Considering how powerful AI systems are and the role they increasingly play in making important decisions about our lives, homes and societies, they receive surprisingly little formal oversight.
That’s starting to change, thanks to the thriving field of AI audits. When they work well, these audits allow us to reliably monitor how well a system is working and how we can mitigate potential bias or harm.
It is known that a 2018 audit of commercial facial recognition systems by AI researchers Joy Buolamwini and Timnit Gebru found that the system did not recognize dark-skinned people as well as whites. For dark-skinned women, the error rate was up to 34%. As AI researcher Abeba Birhane points out in a new essay in Nature, the audit has “launched a series of critical work that has exposed the bias, discrimination and oppressive nature of facial analysis algorithms.” The hope is that through these kinds of audits on different AI systems, we will be better able to root out problems and have a broader conversation about how AI systems affect our lives.
Supervisors are catching up and that is partly driving the demand for audits. A new law in New York City will require all AI-powered recruiting tools to be checked for bias from January 2024. In the European Union, major tech companies will be required to conduct annual audits of their AI systems from 2024, and the upcoming AI Act will require audits of “risky” AI systems.
It’s a big ambition, but there are some huge obstacles. There is no common understanding of what an AI audit should look like, and there aren’t enough people with the right skills to conduct it. The few audits that take place today are mostly ad hoc and vary widely in quality, Alex Engler, who studies AI governance at the Brookings Institution, told me. One example he gave is from HireVue, an AI hiring company, which suggested in a press release that a third-party audit found that its algorithms are biased. It turned out to be nonsense: The audit hadn’t really examined the company’s models and was subject to a nondisclosure agreement, meaning there was no way to verify what was found. It was essentially nothing more than a PR stunt.

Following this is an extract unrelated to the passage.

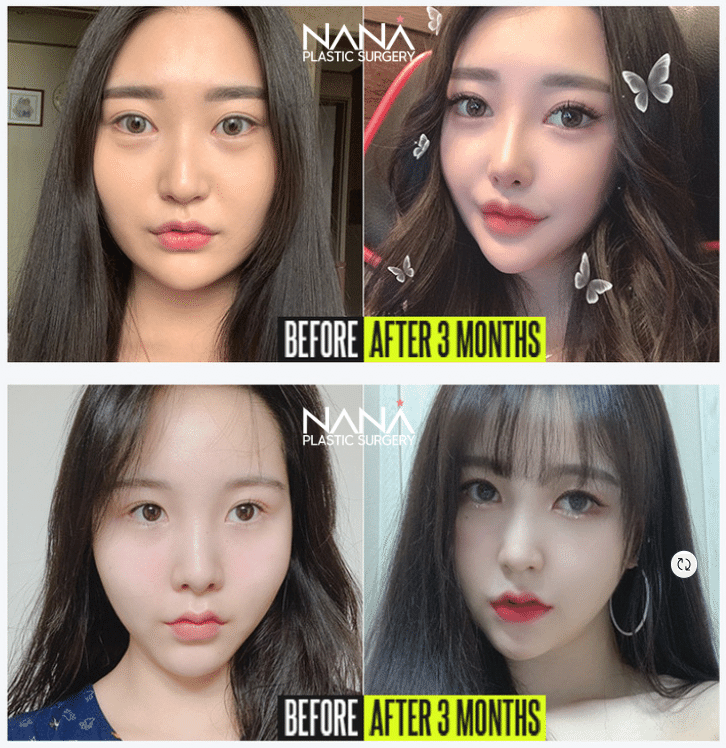 韓国整形 NANA美容外科　頬骨縮小　小顔整形　頬骨張り　症例写真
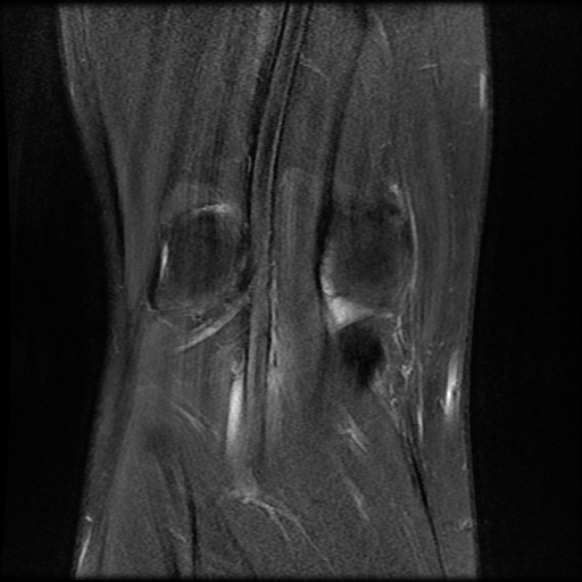 File:Anterior cruciate ligament graft tear and bucket-handle tear of medial meniscus (Radiopaedia 75867-87254 Coronal PD fat sat 20).jpg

One way the AI community is trying to address the lack of auditors is through bias bounty competitions, which work in a similar way to cybersecurity bug bounties — that is, they call on people to use tools. to identify and reduce algorithmic biases in AI models. One such contest was launched last week, organized by a group of volunteers, including Rumman Chowdhury, Twitter’s ethical leader in AI. The team behind it hopes it will be the first of many.
It’s a good idea to create incentives for people to learn the skills needed to conduct audits — as well as start building standards for what audits should look like by showing which methods work best. You can read more about it here.
The growth of these audits suggests that one day we could see warnings in cigarette packs that AI systems could be harmful to your health and safety. Other industries, such as chemicals and food, have regular audits to ensure products are safe to use. Could something like this become the norm in AI?